Trump has indicated several times that he wants to impose a 25% tax on EVERYTHING that comes in from China. Now, trying not to politically nuts here, I do NOT think Trump is the right choice for president mostly because of his arrogant attitude and lack of being in govt in any way BUT, in chatting with my mother, she brings up a very valid point and that is that since Trump has made his own wealth, he probably would not care to benefit as much financially as other presidents and just might rock the entire government which might just be a GOOD thing...

I am just wondering if the estimated 25% tax can truly help? from my perspective, it seems highly plausible as long as China does not throw it all in our face. I can only guess that the 25% charge would then go to govt. is that really a good thing? Where should that money go? One thing is for sure, that could certainly perk up USA mfg BUT I doubt that will fix our position in the world for mfg, only our domestic business.
 
This post fills my one post per year quota in this subforum :D

An import tariff would be devastating to our country in the long run. Almost every country would reciprocate in kind, limiting the market for domestic goods to our country and crippling our already flagging exports.

Our declining industrial sector is not something we can muscle our way out of. We were quite fortunate to benefit from both the devastation of European industrial capacity after WWII and cheap domestic labor through the 1950s. Somehow this confluence of events gave many Americans the false idea that they are entitled to being the top dog, and that the persistence of that status was necessary and inevitable.

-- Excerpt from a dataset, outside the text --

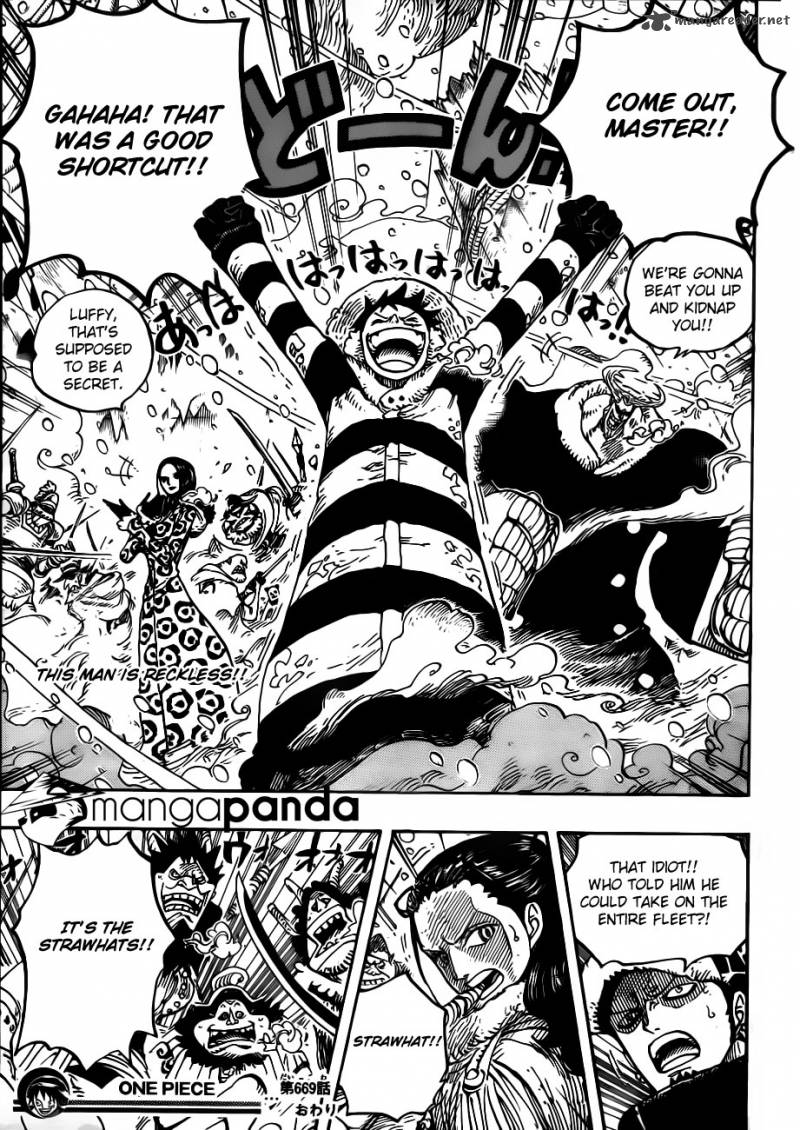One Piece Chapter 669 - Page 17 in English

We've taken the great advantage that was bestowed upon us in 1945 and squandered it on international intervention, government bureaucracy, and the regulation of private social behaviors/commerce.

The party is over, boys. :(
 
Well what IS the answer? I tend to agree that a tariff is a double edged sword. that being said, are you suggesting we just sit back and plan for our inevitable setback to a 3rd world country? That is exactly where we are headed. We don't make anything here anymore, it is all junk and no one gives a shit, and our dollar is considered more worthless every day.

Regarding the tariff though, do we REALLY export enough that if we just started building for ourselves that it would cripple us? I mean, do we REALLY need Toyodas? A US made Chevy will not do? Anyone notice how Asians in the US tend to drive imports? I find that pretty funny. They are loyal to a country they were not even born in but we just do not care... Pretty soon, no one will..
 
Buy American...invest in infrastructure and education. Make our workforce worth the extra money.

Oh, that is easy enough. Let me know when you get Walmart to agree to that.

If Sam was still around, I would bet my won farm that he would have set the benchmark for other companies by going back to 100% american. Someone will have to do it but just telling me to BUY american is like telling me to go live in poverty because everything US made is over priced. I very much that we can trust every American to just switch over. Hell, you cannot even BUY a USA made semiconductor.
 
The only people that can slow our hyper-active trade imbalance are the people buying the imported products.

And it always comes down to one thing, M-O-N-E-Y

As long as imports are cheaper they will get purchased. As long as American labor rates are several times the offshore rate, this will not get fixed. Import tariffs will not fix this, taxes will not fix this, only time will fix this. Time for the standard of living to come up in the rest of the world, and for our standard of living to drop to match.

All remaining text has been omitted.